Prompt ▸ Pictures excluded, please transcribe exactly the lines from the one with "this 300×200 image." through the end of the records below, and nothing more.

Material for the task ▸
_____

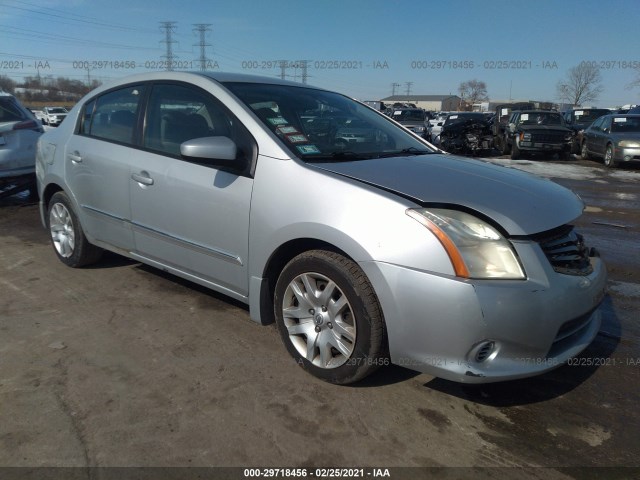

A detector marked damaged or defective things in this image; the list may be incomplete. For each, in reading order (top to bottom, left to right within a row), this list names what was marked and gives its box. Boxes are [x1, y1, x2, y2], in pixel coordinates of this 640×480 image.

damaged vehicle [438, 112, 492, 156]
damaged vehicle [504, 109, 576, 160]
damaged vehicle [38, 72, 604, 382]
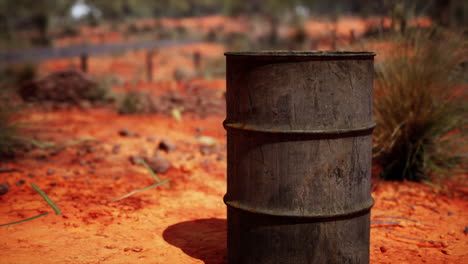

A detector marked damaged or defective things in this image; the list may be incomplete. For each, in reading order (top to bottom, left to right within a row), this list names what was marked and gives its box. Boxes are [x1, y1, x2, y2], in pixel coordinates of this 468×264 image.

rusted metal barrel [225, 50, 374, 262]
corroded metal surface [225, 50, 374, 262]
rust stain on barrel [225, 50, 374, 262]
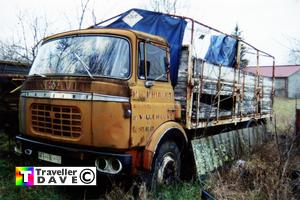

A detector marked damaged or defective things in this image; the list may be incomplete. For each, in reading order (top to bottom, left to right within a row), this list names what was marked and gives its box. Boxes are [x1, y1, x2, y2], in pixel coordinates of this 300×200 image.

abandoned yellow truck [15, 9, 276, 189]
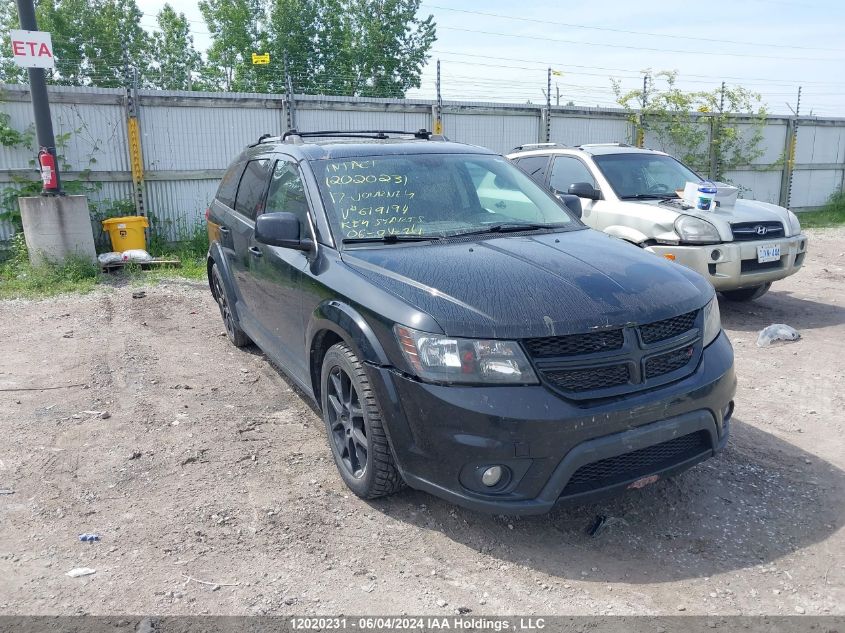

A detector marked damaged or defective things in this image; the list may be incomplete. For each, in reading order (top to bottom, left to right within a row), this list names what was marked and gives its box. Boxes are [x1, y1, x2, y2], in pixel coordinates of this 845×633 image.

damaged hood [340, 225, 708, 338]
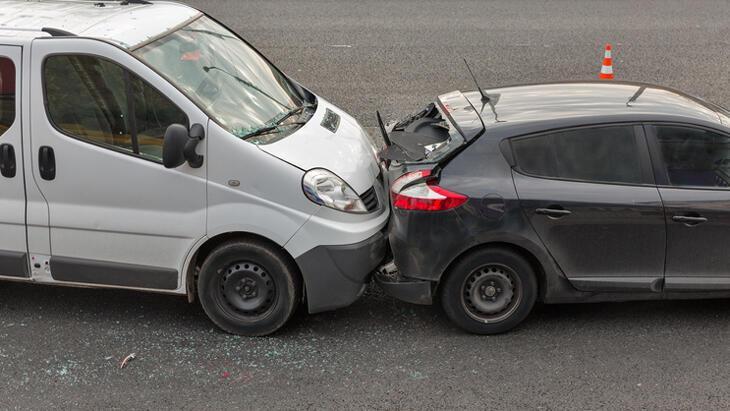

_____

Solution to this exercise ▸
A detector marked damaged or defective things in this image; the list may be incomplete. For each, in reading order (top to bottom, left to right within a row), this list names what was marked and gives its box. Boxes are [x1, y1, x2, y2], in pixel coordinates of this 300×200 image.

abandoned yellow truck [15, 9, 276, 189]

A detector marked damaged or defective things in this image; the list may be incomplete. For each, in reading order (top to bottom, left to right within a row), this list names what was marked and gives its box. Boxes are [x1, y1, x2, y2], in pixel coordinates of this 845×633 image.

damaged hood [340, 225, 708, 338]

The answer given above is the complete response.